Question

IQ scores are normally distributed with a mean of 100 and a standard deviation of 15. What percentage of people have an IQ score between 69 and 132, to the nearest tenth?

Answer 1

96.4% of people have an IQ score between 69 and 132

Explanation:

When the distribution is normal, we use the z-score formula.

In a set with mean
`\mu` and standard deviation
`\sigma`, the zscore of a measure X is given by:

`Z = (X - \mu)/(\sigma)`

The Z-score measures how many standard deviations the measure is from the mean. After finding the Z-score, we look at the z-score table and find the p-value associated with this z-score.

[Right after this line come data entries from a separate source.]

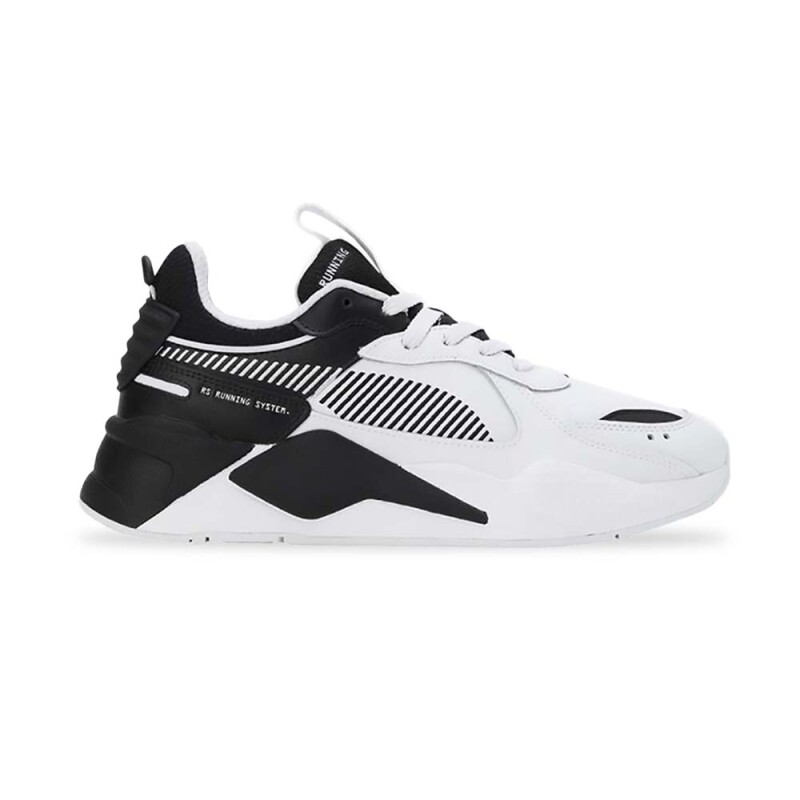 RS-X SPLIT - Hombre Black/white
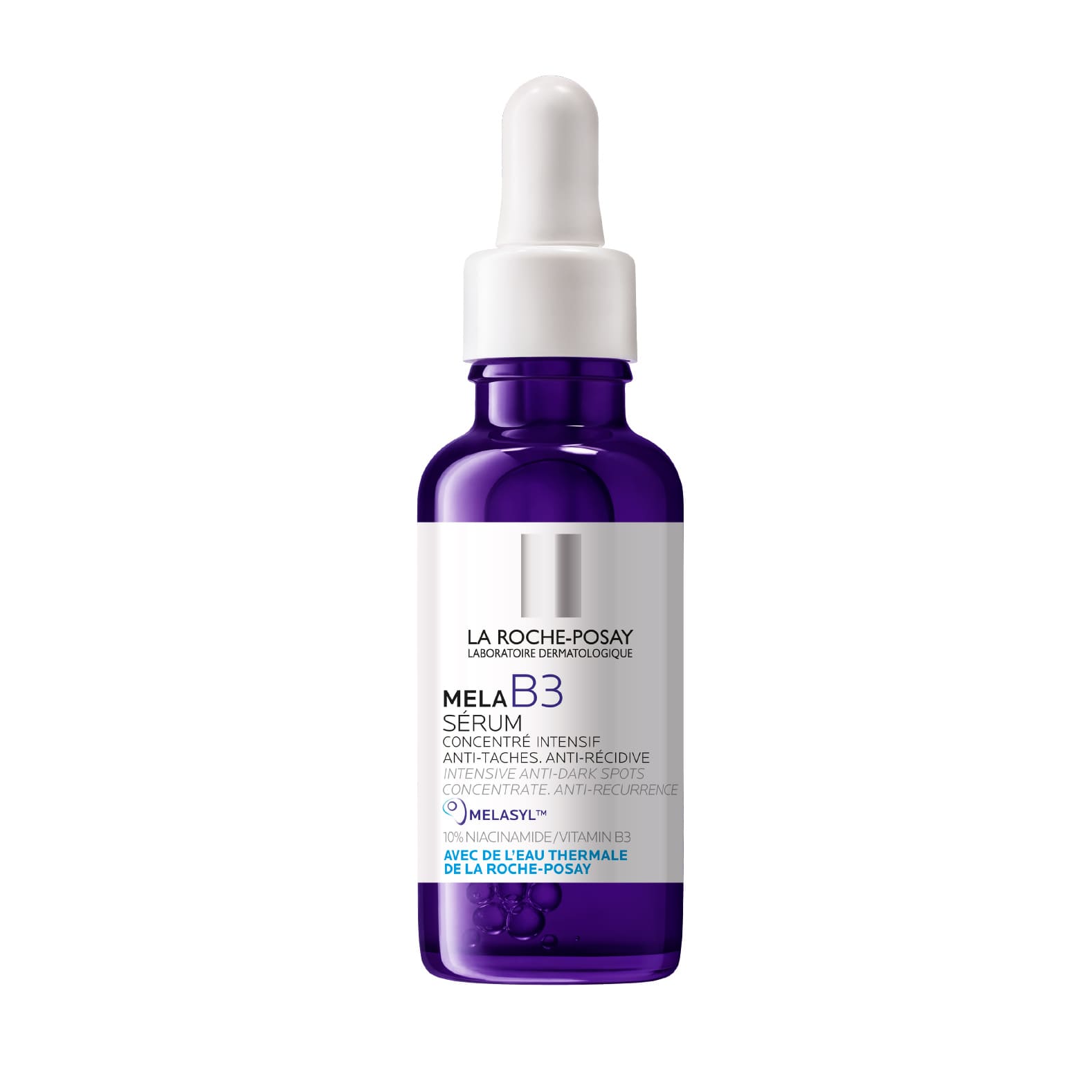 LA ROCHE POSAY MELA B3 SÉRUM 30ML = ANTHELIOS FLUIDE ANTI TACHES SPF 50 15 ML OFFERT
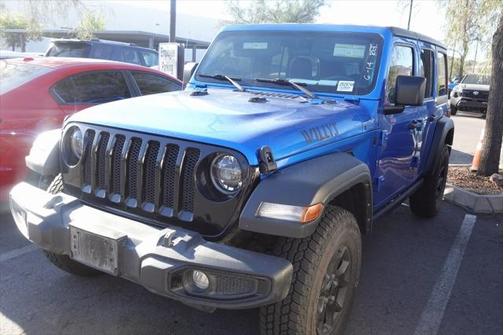 2021 Jeep Wrangler Willys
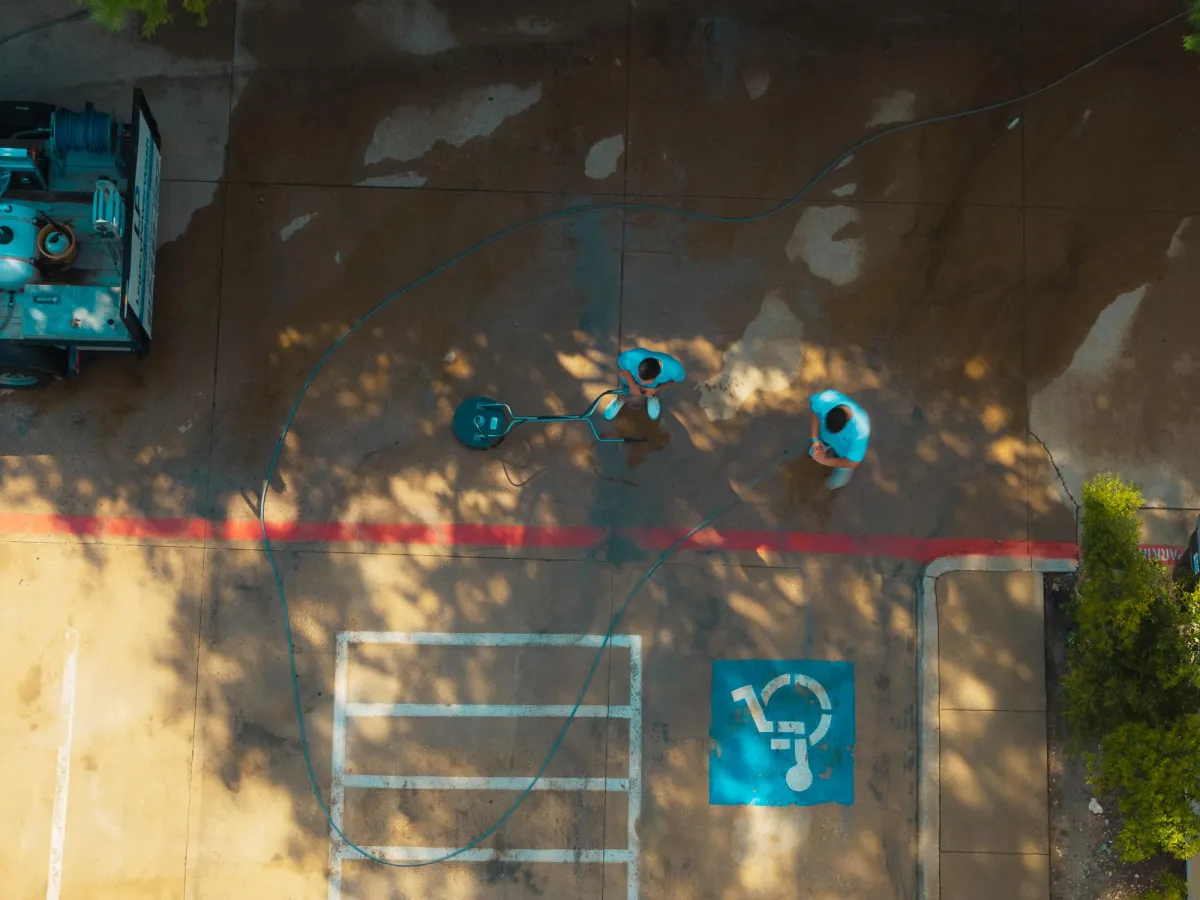 Professional Care Through Power Wash in Arlington, TX Services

This p-value is the probability that the value of the measure is smaller than X, that is, the percentile of X. Subtracting 1 by the pvalue, we get the probability that the value of the measure is greater than X.

In this question:

`\mu = 100, \sigma = 15`

What percentage of people have an IQ score between 69 and 132, to the nearest tenth?

The proportion is the pvalue of Z when X = 142 subtracted by the pvalue of Z when X = 69. The percentage is the proportion multiplied by 100. So

X = 132

`Z = (X - \mu)/(\sigma)`

`Z = (132 - 100)/(15)`

`Z = 2.13`

`Z = 2.13` has a pvalue of 0.983

X = 69

`Z = (X - \mu)/(\sigma)`

`Z = (69 - 100)/(15)`

`Z = -2.07`

`Z = -2.07` has a pvalue of 0.019

0.983 - 0.019 = 0.964

0.964*100 = 96.4%

96.4% of people have an IQ score between 69 and 132